_Task to carry out:_
Answer with one figure only, the number of lines below in which "Toyota" occurs.

----

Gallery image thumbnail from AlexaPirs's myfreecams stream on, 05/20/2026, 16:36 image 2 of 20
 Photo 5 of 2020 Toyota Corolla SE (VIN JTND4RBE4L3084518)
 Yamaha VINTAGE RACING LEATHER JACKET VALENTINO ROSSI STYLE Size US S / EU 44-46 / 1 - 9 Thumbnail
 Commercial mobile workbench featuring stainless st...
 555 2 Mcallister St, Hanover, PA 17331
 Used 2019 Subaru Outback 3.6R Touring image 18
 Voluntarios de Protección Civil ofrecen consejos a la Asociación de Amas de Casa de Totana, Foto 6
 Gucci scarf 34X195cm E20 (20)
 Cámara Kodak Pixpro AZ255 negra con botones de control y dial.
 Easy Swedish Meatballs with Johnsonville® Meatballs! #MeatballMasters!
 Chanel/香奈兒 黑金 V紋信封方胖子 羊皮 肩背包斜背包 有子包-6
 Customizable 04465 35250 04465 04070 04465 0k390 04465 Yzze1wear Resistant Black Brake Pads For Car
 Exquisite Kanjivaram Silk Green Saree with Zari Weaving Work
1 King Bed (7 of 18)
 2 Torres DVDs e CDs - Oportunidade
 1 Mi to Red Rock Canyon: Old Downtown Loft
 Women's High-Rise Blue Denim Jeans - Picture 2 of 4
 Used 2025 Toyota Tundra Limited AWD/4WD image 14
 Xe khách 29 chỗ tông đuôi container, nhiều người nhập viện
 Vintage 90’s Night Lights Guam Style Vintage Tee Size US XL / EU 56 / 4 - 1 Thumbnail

----

_Solution for this task:_
2